- [Input data]
>>>>>

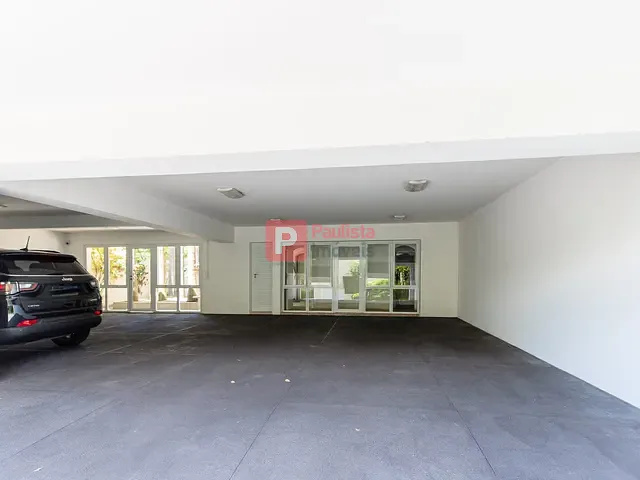 Casa com 900m² 4 quartos e 8 banheiros, à venda, no bairro Fazenda Morumbi em São Paulo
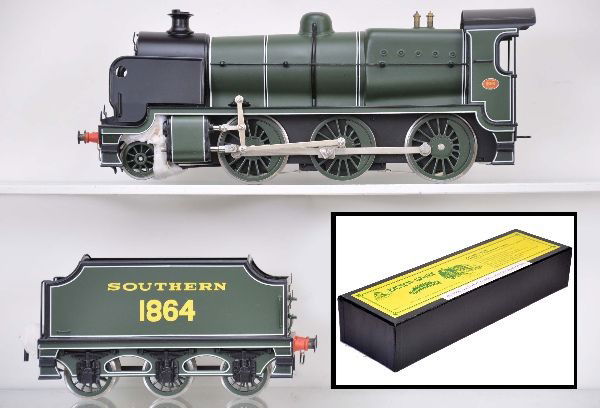 Bassett-Lowke Southern Railway Maunsell Mogul: Beautiful in the Southern green colors. O-Gauge, 3 rail loco. Original box with insert and shipper. As new, unrun, C9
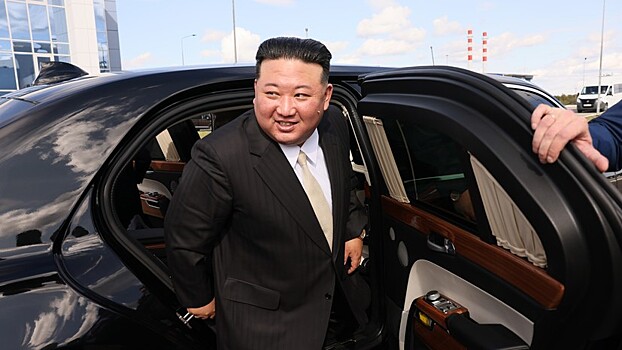 Путин показал Ким Чен Ыну российский автомобиль «Аурус»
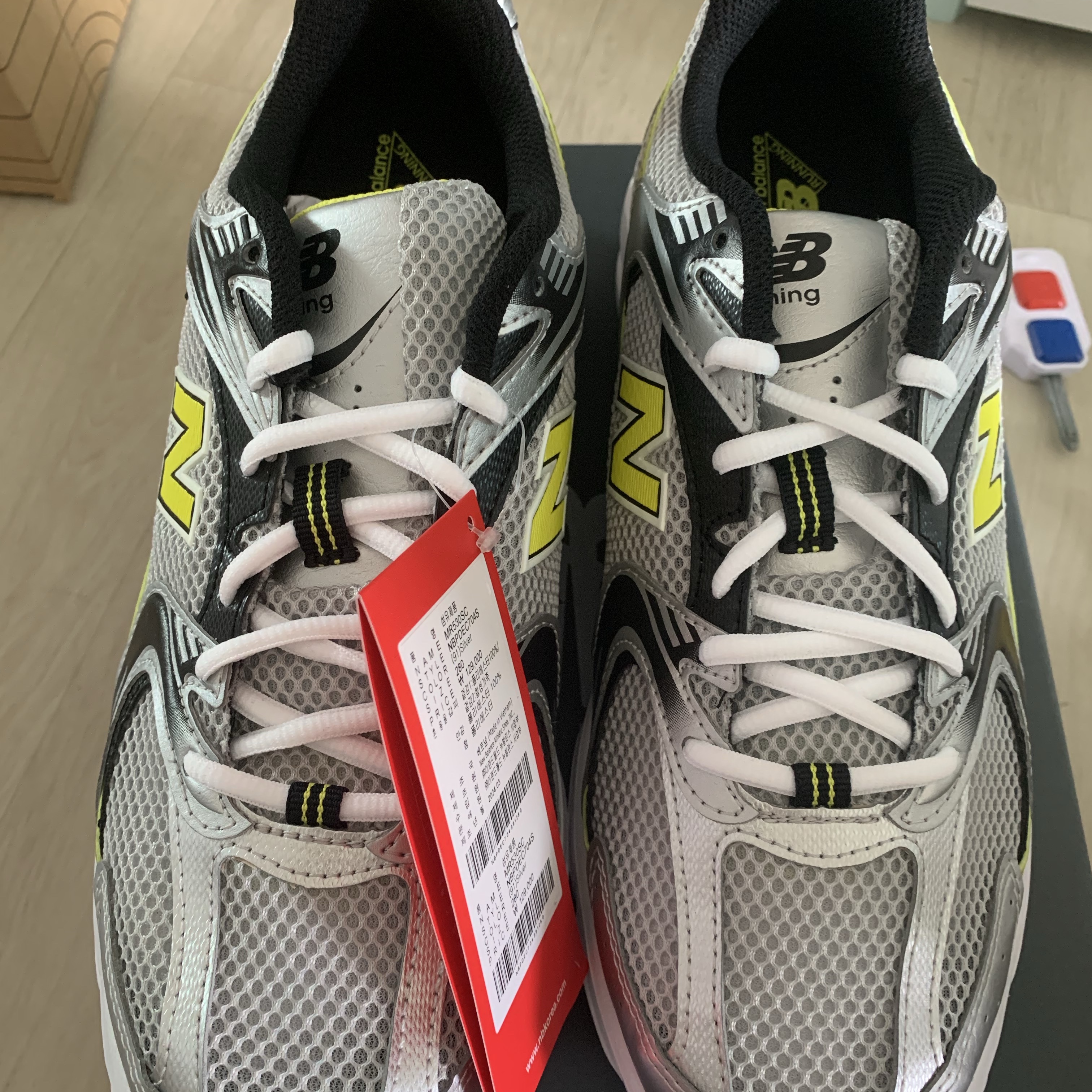 New Balance 530 Silver 착용 스타일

<<<<<

- [Exercise description]
Word for word, reproduce all the data, but not the pictures.

- [Solution for this exercise]
 Casa com 900m² 4 quartos e 8 banheiros, à venda, no bairro Fazenda Morumbi em São Paulo
 Bassett-Lowke Southern Railway Maunsell Mogul: Beautiful in the Southern green colors. O-Gauge, 3 rail loco. Original box with insert and shipper. As new, unrun, C9
 Путин показал Ким Чен Ыну российский автомобиль «Аурус»
 New Balance 530 Silver 착용 스타일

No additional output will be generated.